On Saturday, 30 March 2024 at 22:37:53 UTC, Carl Sturtivant wrote:
I'm inclined to a view that keeps more "it just works" options
open. Regard the parameter names as a part of the type (which I
am very grateful for them being currently) and just regard part
of the definition of "type equality" as being to ignore
parameter names when comparing types.
With this viewpoint, ParameterIdentifierTuple should be
repaired to work with function types just as it works with
functions, and the current behavior is a bug.

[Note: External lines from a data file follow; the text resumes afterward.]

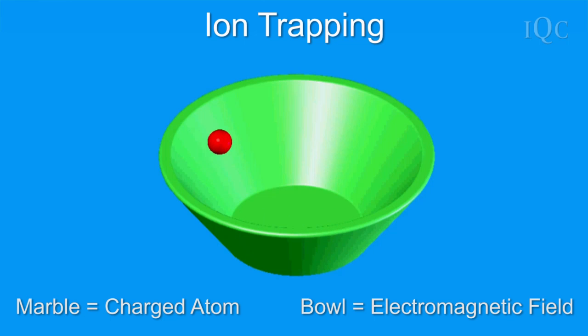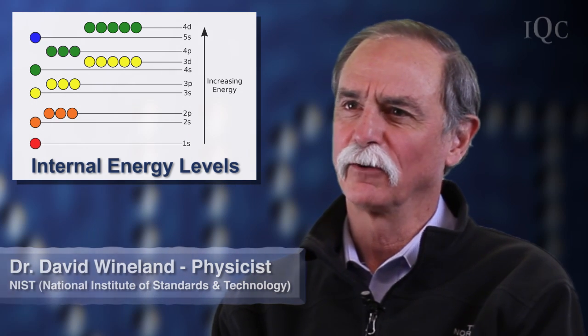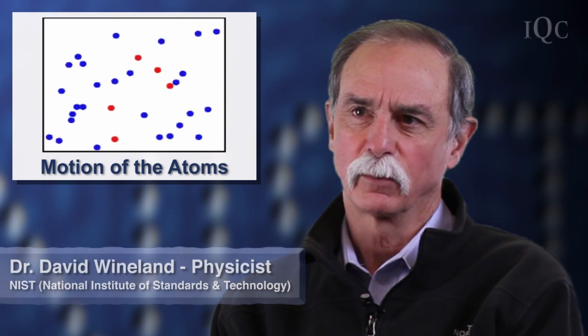The reason that's interesting is that we can hold them for long periods of time, and we can do this without significantly perturbing their energy structure. Two aspects of the control: one is we'd like to manipulate the internal energy levels of the ions — the charged atoms. And that we've known how to do for quite a long time, using laser fields and microwave fields. But it turns out we also need to control the motion of the atoms in the well precisely.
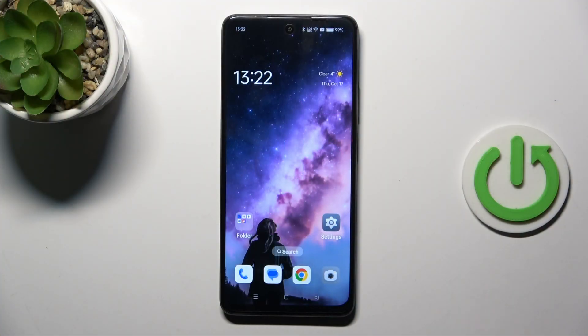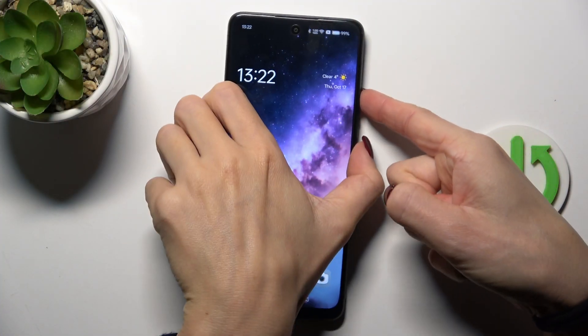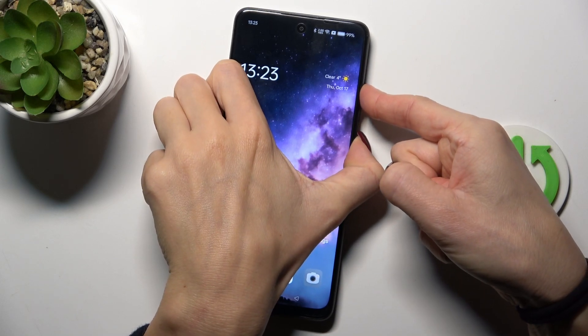All you have to do is tap and hold the power and volume up buttons, and wait till your phone is rebooted.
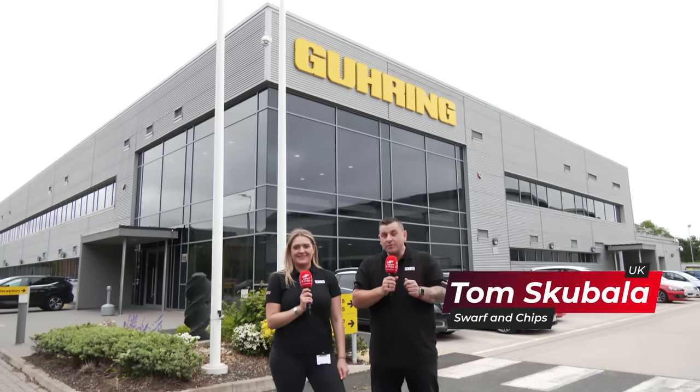Do you know how the tooling you're using is made? Well you're in luck because we've travelled to Goering to follow the whole process. So let's go and take a look inside.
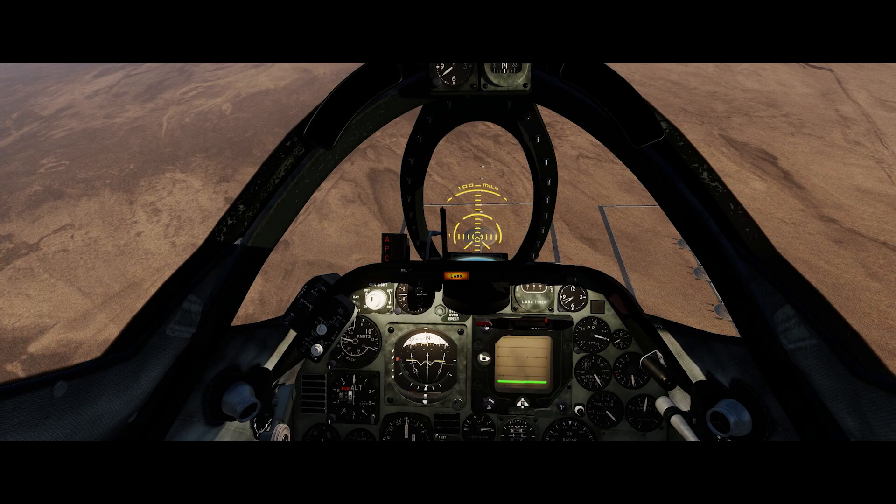There is one problem with this method that the astute among you will have noticed: targets in the real world don't come helpfully provided with a handy aim-off mark like they do on the range. That's an issue we'll deal with in the next installment of the Iron Bomber's Guide to the DCS Galaxy — there is a way of dealing with it, but it takes a little while to explain. Subscribe so you catch that when it comes out. This is Sidekick, signing off.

Maybe, but one of its unittests specifically tests that a
function pointer has no parameter identifiers:
```d
// might be changed in the future?
void function(int num, string name) fp;
static assert([ParameterIdentifierTuple!fp] == ["", ""]);
```
And changing in the future got quite a bit of push back in that
PR link.
This is because `fp` is declared using a function pointer type,
and the author of the test did not think function pointer types
should include identifiers. So it seems logical that
ParameterIdentifierTuple should not give identifiers for a
function type either.
If a function type does include identifiers, then would two
function types with the same argument types but different
identifiers compare equal using `is`?
Incidentally, I tried
```D
extern typeof(foo) func;
```
to say that func was an actual function (`extern` so defined
elsewhere) whose type was the type of the function `int foo(int
num, string name, int);` so I can then use
`ParameterIdentifierTuple` on a function, not a type,
Nice try!
but the compiler said `bug1.d(5): Error: variable ``bug1.func``
cannot be declared to be a function`. Seems unreasonable given
the implied semantics.
Yes, it's not possible to instantiate a function type.